▸ Recorded information:
※ ※ ※

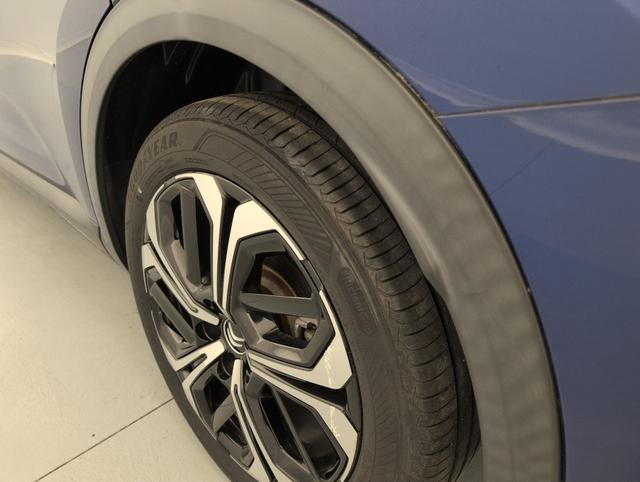 Citro&euml;n C5 X Hybride Rechargeable 225 S&S e-EAT8 Shine 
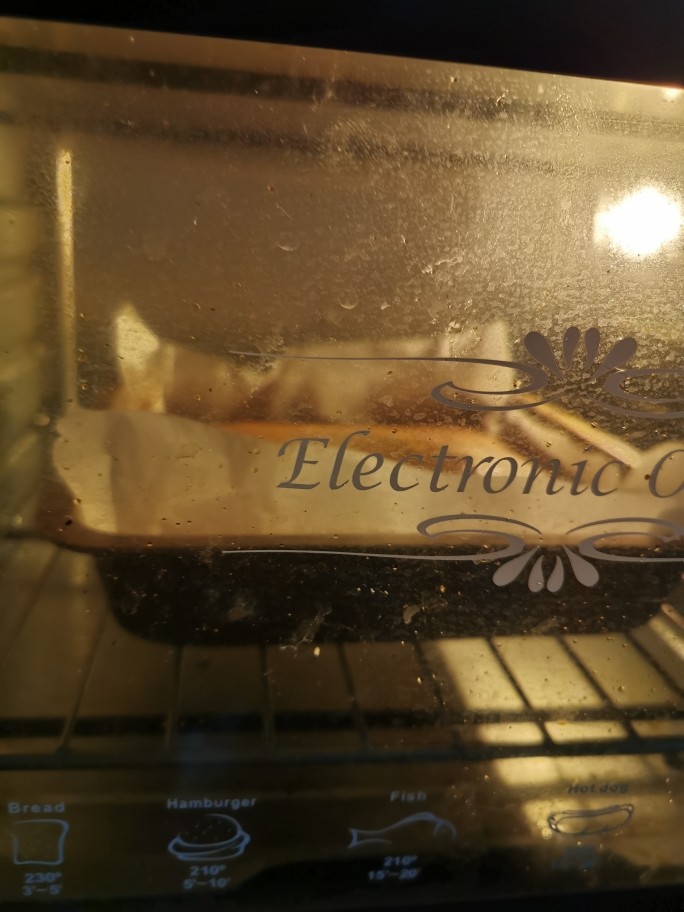 葡萄干海绵蛋糕,烤箱先预热。放烤箱中层上下160度烤30分钟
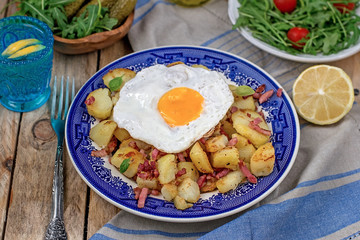 Roasted potatoes with bacon and eggs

※ ※ ※

▸ To do:
An exact copy of the listing is needed, minus its pictures.

▸ Written answer:
 Citro&euml;n C5 X Hybride Rechargeable 225 S&S e-EAT8 Shine 
 葡萄干海绵蛋糕,烤箱先预热。放烤箱中层上下160度烤30分钟
 Roasted potatoes with bacon and eggs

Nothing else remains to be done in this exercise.